In a broader perspective, a number of preliminary observations regarding the similarities and differences between Kiṣir-Aššur and contemporary āšipus at the royal court might highlight possible areas for future studies. A few exorcists at the royal court in Nineveh may have overseen the treatment of children in addition to adults (see Section 5.2.2). The arguments presented here, regarding Kiṣir-Aššur’s hypothesized practice as a paediatrician, indicate that such duties may have been part of some exorcists’ professional obligations. However, we currently know little about the concrete development in patient groups or changing responsibilities of other individual healers. The letters and reports from Nineveh suggest that court āšipus never quoted Sa-gig, and at least one exorcist tested a prescription before use on patients (see Sections 3.6.1 and 8.3.1). Therefore, current research tentatively implies that some āšipus at court depended on, e.g., experience in their practice. Kiṣir-Aššur did not copy Sa-gig, as far as we know. Furthermore, Kiṣir-Aššur also depended on experience to some degree, as well as pragmatism, which is evidenced by his use of fewer trusted prescriptions in later phases and the proposed test of a prescription during his mašmaš bīt Aššur-phase. Yet, other aspects of Kiṣir-Aššur’s practice perhaps contrast that of exorcists in Nineveh. While rituals at court could be copied in their entirety for what may have been strict performances (see Section 7.4), Kiṣir-Aššur’s manuscripts demonstrate how relevant sections of both medical and ritual texts were chosen and copied for concrete purposes. Some such texts likely served as aide mémoires, and rituals were perhaps adapted according to specific circumstances.

While Kiṣir-Aššur and his family perhaps had occasional professional contact with the Assyrian kings, little evidence suggests he had direct access to the Nineveh court and its scholarly knowledge. Like one exorcist at court, Kiṣir-Aššur perhaps had private clients as mašmaš bīt Aššur in addition to his possible duties at the Aššur temple (see Section 8.7). Unlike the letters and reports from the Nineveh exorcists, Kiṣir-Aššur’s manuscripts provide us with scholarly texts copied for specific professional purposes, and they show how he operated within a local and distinctive scholarly environment. Thus, Kiṣir-Aššur primarily acquired texts via the local learned community and its institutions. Although Kiṣir-Aššur was not part of the inner circle of scholars at Nineveh, certain aspects of how he practiced his profession seem to be roughly similar to some of the routines of the āšipus at the royal court. Yet, other aspects of his practice do not appear to be comparable. It remains possible, however, that the conclusions drawn regarding Kiṣir-Aššur’s training and career are not generally applicable to wider medical practices in Mesopotamia, and perhaps not even in the NA period. These questions require further research, and they will hopefully be addressed in the future. Yet, this study has shown that Kiṣir-Aššur’s texts reveal a localized tradition of medical knowledge.

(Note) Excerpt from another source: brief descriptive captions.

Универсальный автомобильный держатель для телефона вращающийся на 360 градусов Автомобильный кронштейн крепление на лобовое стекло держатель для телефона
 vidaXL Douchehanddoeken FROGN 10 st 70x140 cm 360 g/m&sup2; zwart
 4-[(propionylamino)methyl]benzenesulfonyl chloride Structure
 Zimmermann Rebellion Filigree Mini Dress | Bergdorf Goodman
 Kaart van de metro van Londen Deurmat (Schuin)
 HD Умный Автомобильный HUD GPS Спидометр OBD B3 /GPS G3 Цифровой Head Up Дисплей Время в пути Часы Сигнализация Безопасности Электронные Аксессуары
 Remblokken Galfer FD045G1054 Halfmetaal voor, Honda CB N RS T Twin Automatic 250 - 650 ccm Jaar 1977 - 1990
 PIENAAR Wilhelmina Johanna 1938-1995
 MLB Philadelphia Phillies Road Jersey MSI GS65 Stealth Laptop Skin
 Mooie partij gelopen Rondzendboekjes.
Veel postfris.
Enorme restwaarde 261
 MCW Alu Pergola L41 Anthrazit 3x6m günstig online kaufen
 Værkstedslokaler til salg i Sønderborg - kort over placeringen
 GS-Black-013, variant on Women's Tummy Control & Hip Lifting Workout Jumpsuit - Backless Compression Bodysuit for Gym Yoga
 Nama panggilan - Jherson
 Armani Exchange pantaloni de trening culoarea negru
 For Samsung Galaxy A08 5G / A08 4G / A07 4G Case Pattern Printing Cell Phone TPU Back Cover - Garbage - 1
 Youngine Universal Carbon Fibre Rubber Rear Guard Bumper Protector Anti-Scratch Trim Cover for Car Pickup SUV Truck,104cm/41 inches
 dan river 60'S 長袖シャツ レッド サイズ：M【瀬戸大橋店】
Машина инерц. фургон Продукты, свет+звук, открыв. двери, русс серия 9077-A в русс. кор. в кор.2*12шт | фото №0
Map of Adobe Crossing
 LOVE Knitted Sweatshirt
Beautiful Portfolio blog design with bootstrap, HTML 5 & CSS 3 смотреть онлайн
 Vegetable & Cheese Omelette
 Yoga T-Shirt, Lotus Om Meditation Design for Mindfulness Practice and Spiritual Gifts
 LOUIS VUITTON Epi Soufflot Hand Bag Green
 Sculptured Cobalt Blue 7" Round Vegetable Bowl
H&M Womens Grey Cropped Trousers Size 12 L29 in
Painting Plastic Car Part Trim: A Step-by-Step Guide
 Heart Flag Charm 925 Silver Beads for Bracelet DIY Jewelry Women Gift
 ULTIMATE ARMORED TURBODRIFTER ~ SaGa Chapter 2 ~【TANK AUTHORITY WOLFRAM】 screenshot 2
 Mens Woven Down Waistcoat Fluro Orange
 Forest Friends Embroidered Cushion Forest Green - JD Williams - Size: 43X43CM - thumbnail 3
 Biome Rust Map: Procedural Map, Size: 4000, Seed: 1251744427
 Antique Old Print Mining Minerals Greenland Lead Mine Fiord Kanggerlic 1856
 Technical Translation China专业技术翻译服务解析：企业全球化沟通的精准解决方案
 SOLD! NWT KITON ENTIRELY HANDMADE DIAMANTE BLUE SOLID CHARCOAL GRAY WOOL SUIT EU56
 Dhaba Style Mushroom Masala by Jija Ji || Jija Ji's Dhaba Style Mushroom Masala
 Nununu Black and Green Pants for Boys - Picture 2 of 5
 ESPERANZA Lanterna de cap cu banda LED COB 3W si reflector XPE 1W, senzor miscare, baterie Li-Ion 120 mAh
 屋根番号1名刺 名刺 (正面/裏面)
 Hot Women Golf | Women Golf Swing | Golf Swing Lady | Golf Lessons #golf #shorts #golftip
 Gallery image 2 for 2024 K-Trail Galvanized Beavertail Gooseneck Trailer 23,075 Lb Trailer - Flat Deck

By focusing on practical rather than abstract knowledge, the case of Kiṣir-Aššur provides a contextualized and comprehensive study of how medical knowledge in all forms was used by a specific ancient healer. Consequently, this work not only adds to our knowledge of how ancient texts were used, but differs significantly from some contributions on Mesopotamian medicine. It is therefore my hope that it serves as a step towards gaining a deeper understanding of medical practices in ancient Mesopotamia.